Her prose is equally engaging, informative and beautiful. Her Recent History of Moscow follows the city through her decades on earth. The singing of exhortative songs on loud-speakers is lost to history’s mist, she records, and she notes the decade seemed one of constant singing before considering this Russian musical sphere in connection to the newly invented tape-recorder. Where once songs empowered the state, this device enabled new singers to “undermine the enormous graven image of the state, the machine which used people as its cogs”. Through this simple device she was politically awakened and recognised the dark side of the propaganda littering her childhood. Tatiana describes the 90s as encapsulating a “Wild West Capitalism” in Moscow. A city so different from just 30 years previous.
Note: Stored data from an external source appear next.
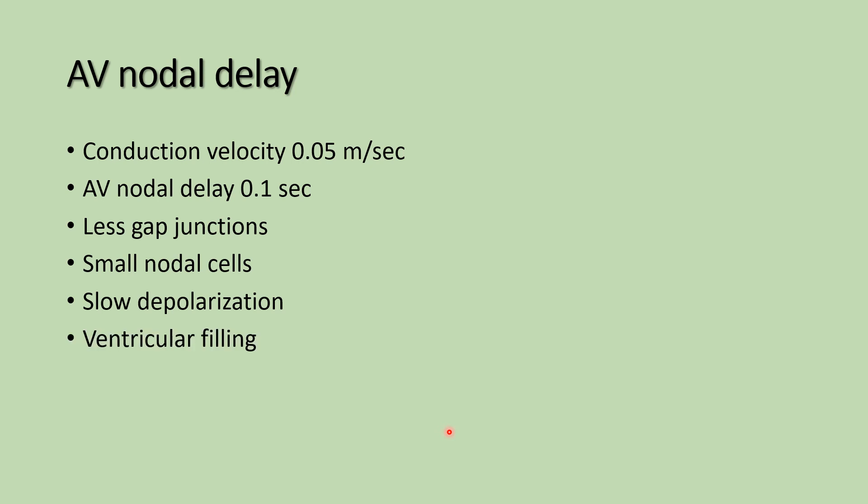The AV nodal delay is very important for ventricular filling. Atrial depolarization occurs before ventricular depolarization. So during atrial systole, ventricular diastole occurs. That AV nodal delay is important for ventricular filling. Otherwise, if the atria and ventricles both contracted at the same time, it would not be helpful for pumping blood to the peripheral organs.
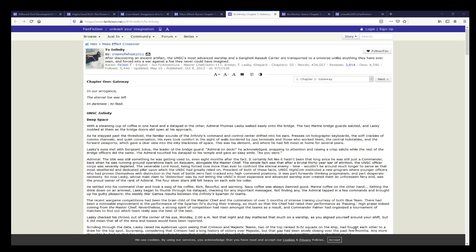Welcome ladies and gentlemen to Dopefish Productions review, where we view anything that catches our fancy. Today's review is To The Affinity by Cream of Wheat 2311. Here's the summary: After your discovery of an ancient artifact, the UNSC's most advanced warship and a Sangheili assault carrier are transported to a universe unlike anything they have ever seen and are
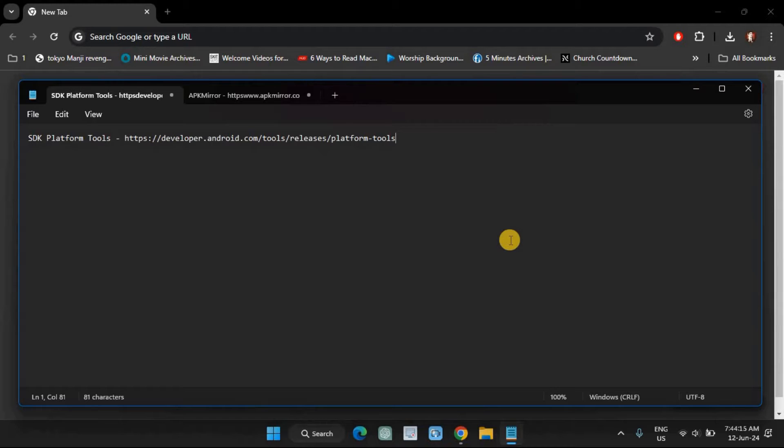ADB is a command line tool for interacting with an Android device through a computer. To set it up, you'll need to download SDK platform tools from the official Android website.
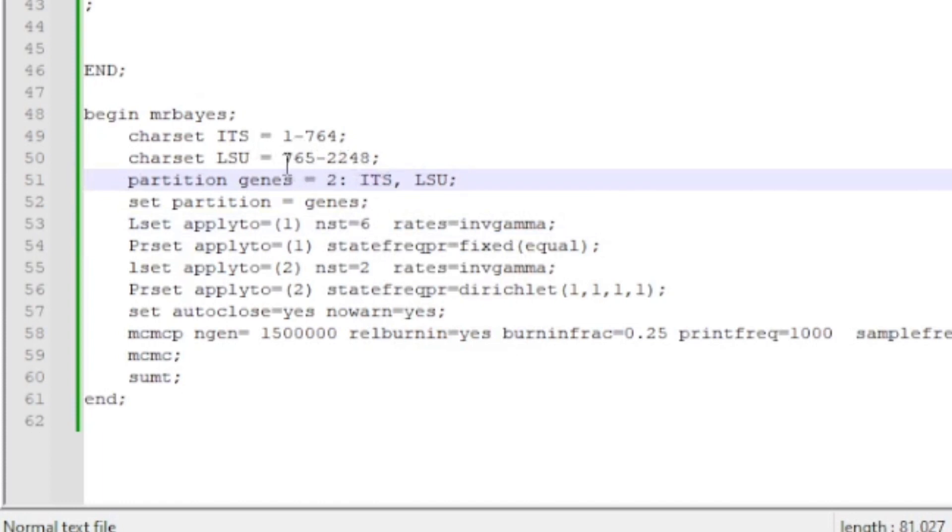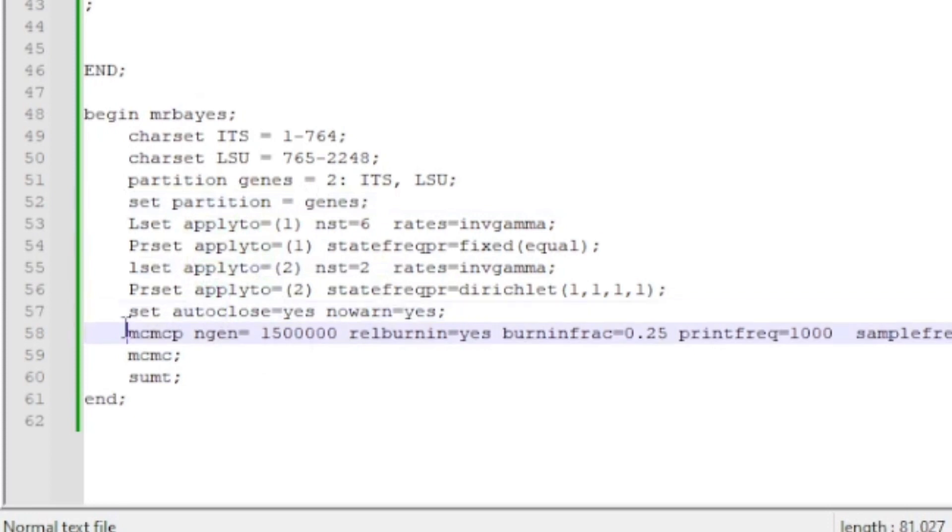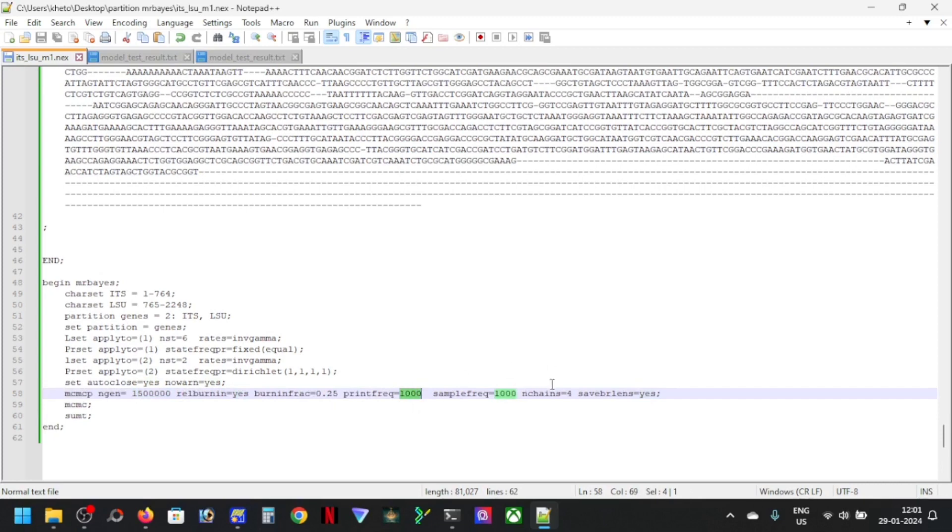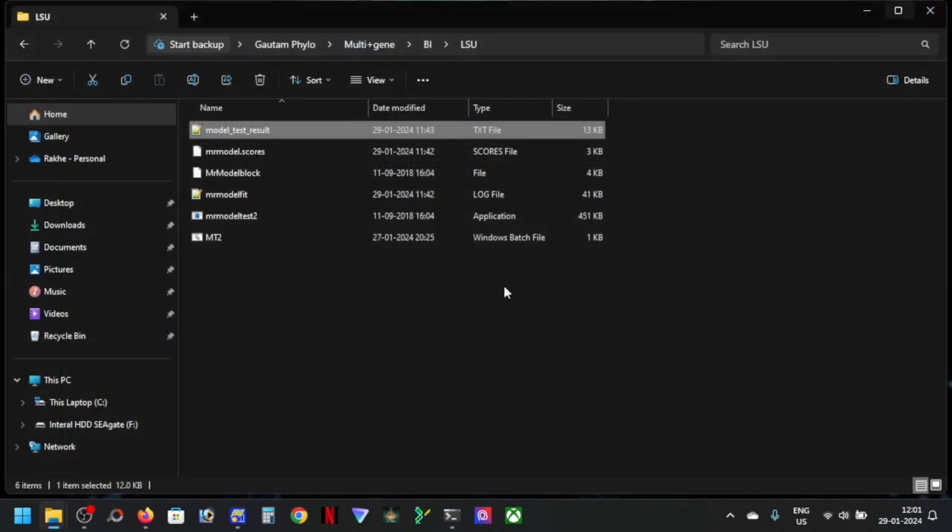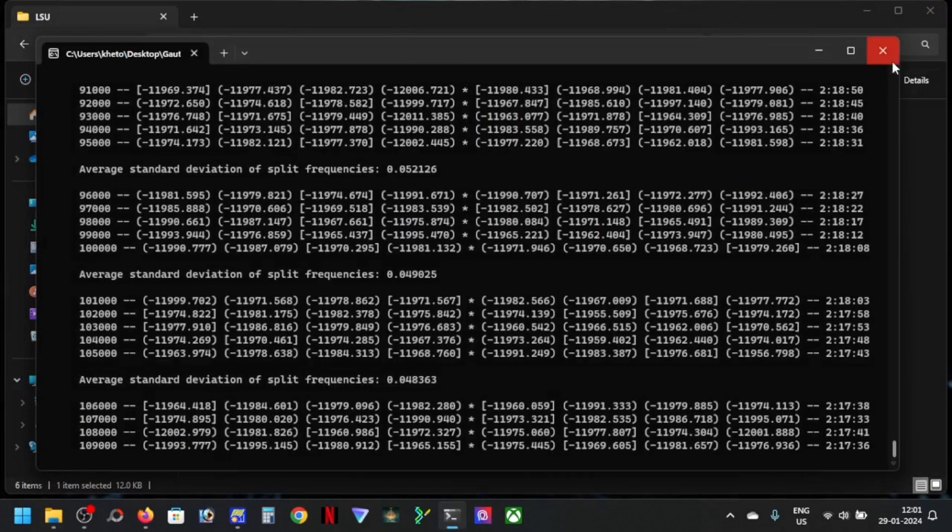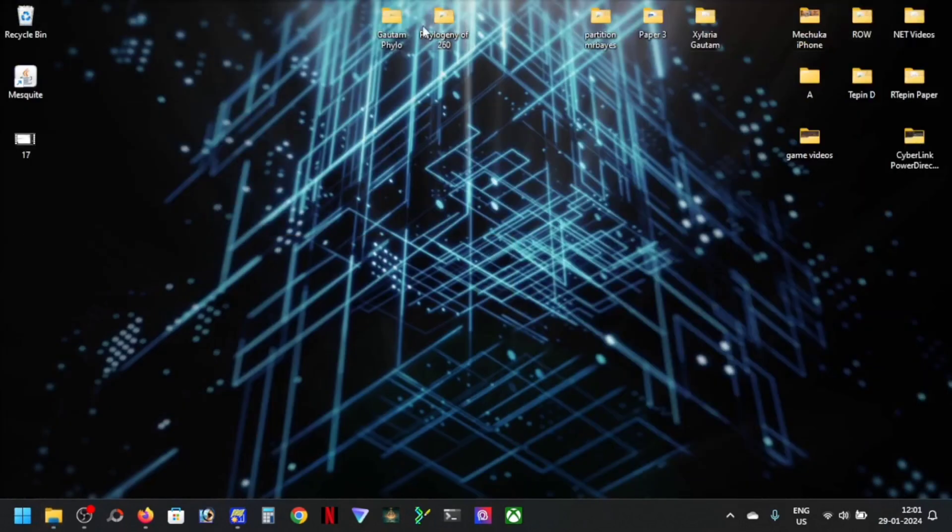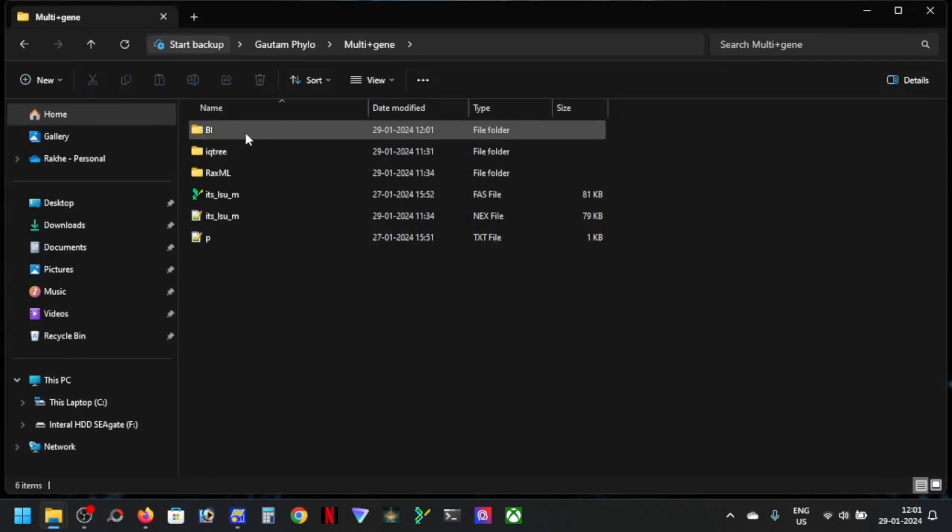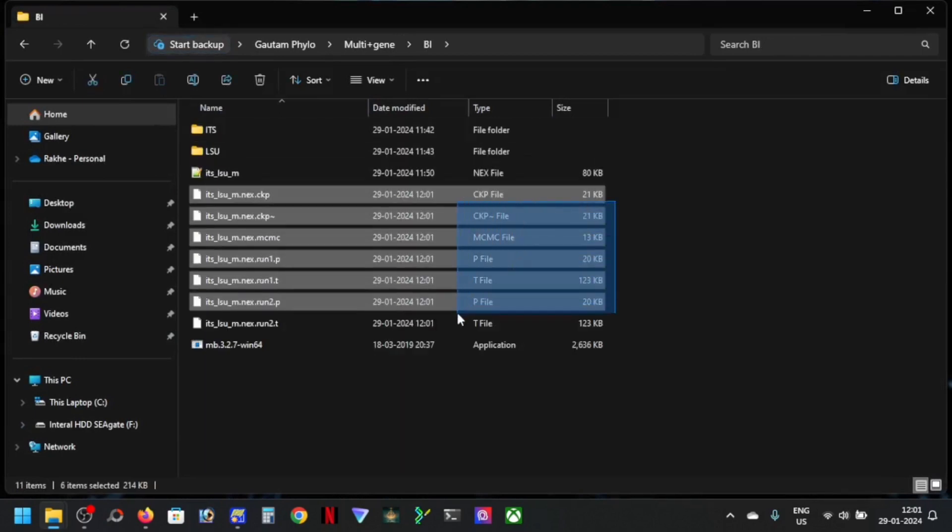After this you can do the same thing, apply to two and preset apply to two, and then set close and then your generation, burn in frequency, print frequency, and this is all that your number of runs, and then you can close this one and then run this.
Her wonderful The Family Unit follows how one deals with the legacy of those who came before and the relatives we are bound to in life. As someone with a complex family history that goes to places like Turkey, Bulgaria, the Scottish Isles and Ireland, the line “The Family’s roots broke upon me” is a stunning striking piece of writing. Both Shcherbina’s poems and prose, in the original and in English through Dugdale, are incredible literature that you must read.
To sum up, the bilingual poetry collections that publisher’s Bloodaxe have released in various languages, are fantastic pieces of literature that warrant a read, whether you can enjoy it in two languages, or marvel at the flawlessness of them in translation.